Charts from Any Data Source
A chart component should be a visualization tool, not a database query tool. Its job is to render data clearly — to turn numbers into a form that reveals patterns, trends, and comparisons at a glance. Where the data comes from shouldn't be the chart's concern.
Charts in Swifty connect to any data source through the unified data source interface.
Available Chart Types
The chart library covers the visualization types most useful for business data:
Line charts: Time-series trends, continuous data over intervals. Revenue over the last 12 months. Daily active users for the past 30 days. Error rate minute by minute.
Bar charts: Comparisons across categories. Sales by product. Tickets resolved by team. Orders by region.
Stacked bar charts: Proportional composition over time or across categories. Revenue split by product type per month.
Donut and pie charts: Part-to-whole relationships. Lead sources as proportions of total. Order status distribution.
Area charts: Cumulative trends and volume over time.
Connecting a Data Source
In the builder, select a chart component and open its data source configuration. Choose the data source type — your records, an external integration, monitoring metrics, analytics — and configure the query: what to aggregate, how to group, what time range to use.

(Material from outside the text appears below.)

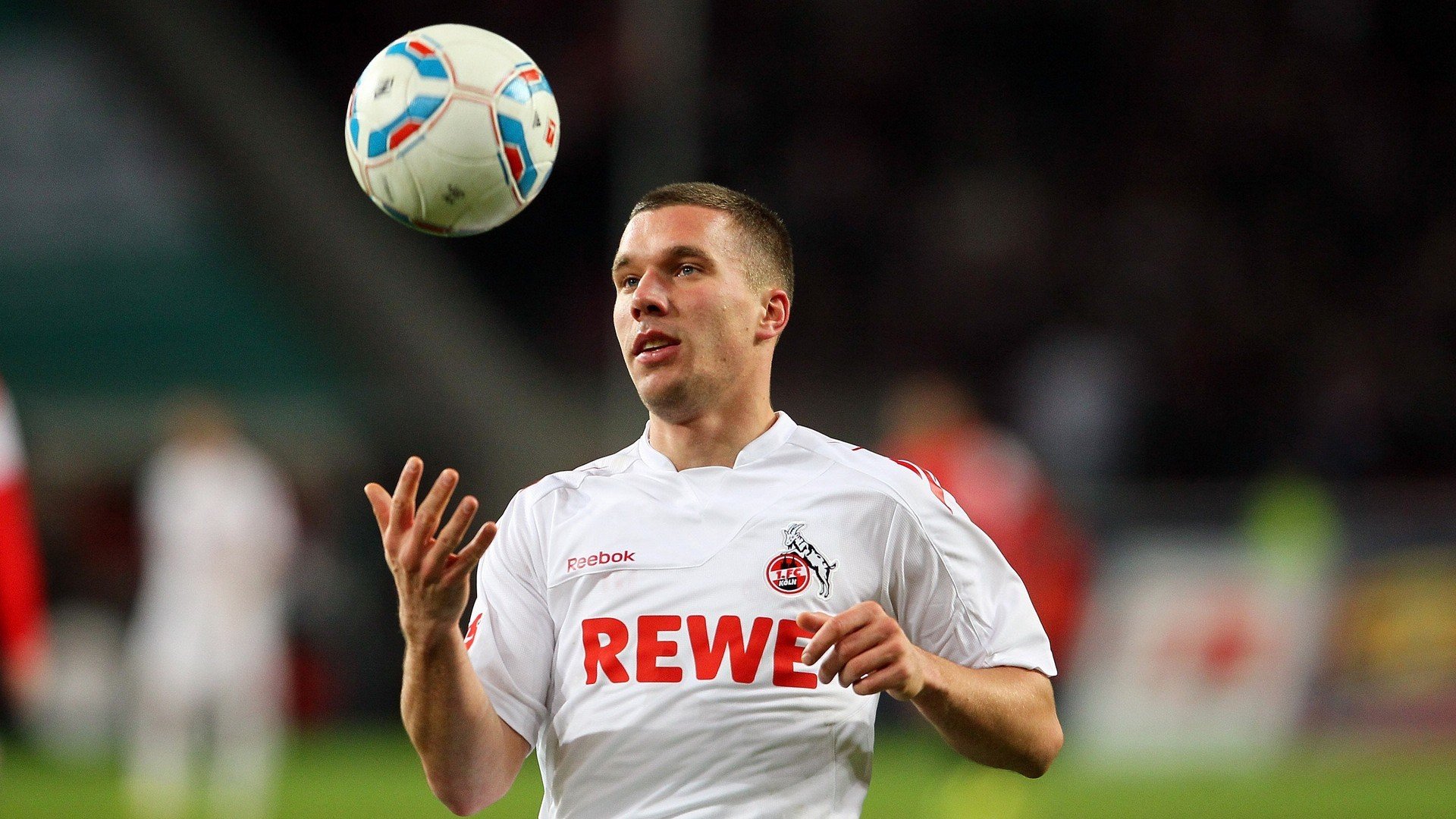 地级市足球基础设施建设持续推进，赛场环境全面改善，足球基地建设标准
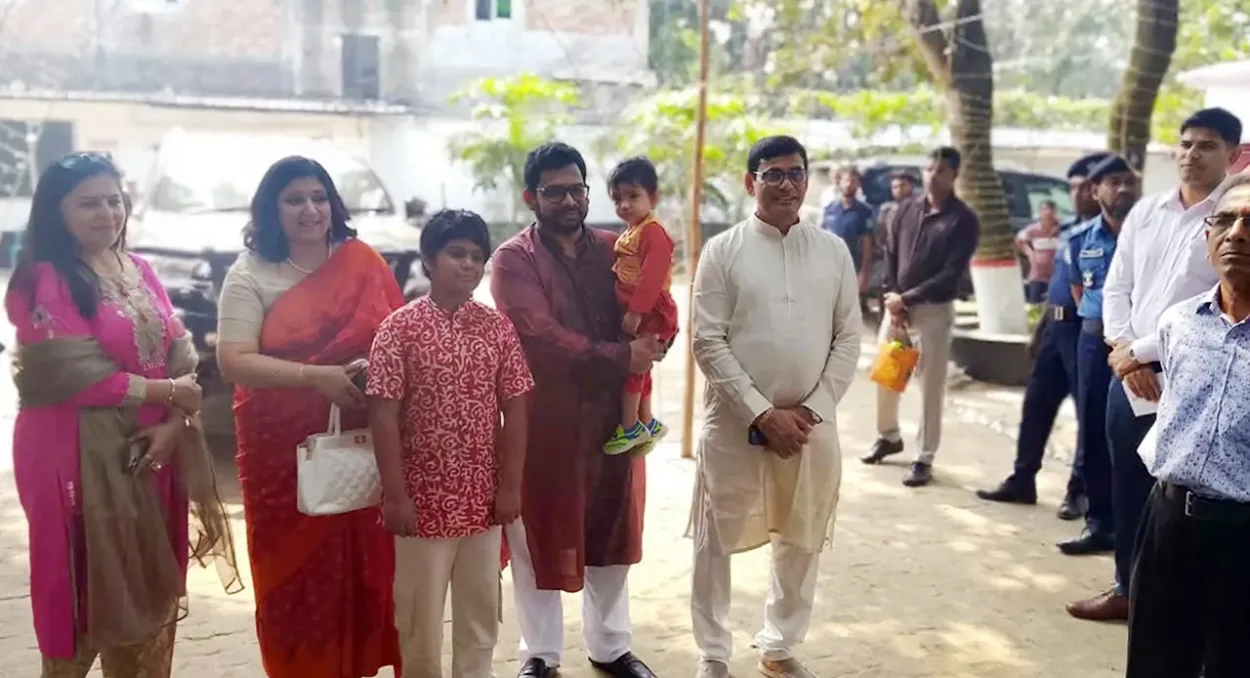 সপ্তমী পূজায় নারায়ণগঞ্জের সোনারগাঁয়ে পোদ্দারবাড়ি মন্ডপ পরিদর্শন করলেন ভারতীয় উপহাইকমিশনার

The chart type and data source are separate concerns. Switch the chart type without reconfiguring the data source. Switch the data source without changing the chart type.
Aggregation at the Source
Charts consume aggregated data. Instead of fetching every individual record and aggregating in the browser, aggregation happens at the source level — a count of records per status, a sum of amounts per month. Only the aggregated result is returned to the chart.
This approach scales well. A chart showing order counts by month draws the same amount of data whether the underlying table has 1,000 or 1,000,000 orders.
Interactivity
Charts support click interactions. Clicking a bar in a bar chart can filter a connected table to show the records in that category. Clicking a segment in a donut chart can apply a filter. These interactions are configured in the builder by connecting the chart's click event to a filter target.
Combined with named data sources, interactive charts create dashboards where exploring data by clicking charts is a natural navigation pattern.
Consistent Styling
Charts use the workspace's defined color palette. Status colors from the data model appear in charts visualizing status distributions. Custom colors can be overridden per chart. The default is always consistent with the rest of the application's visual language.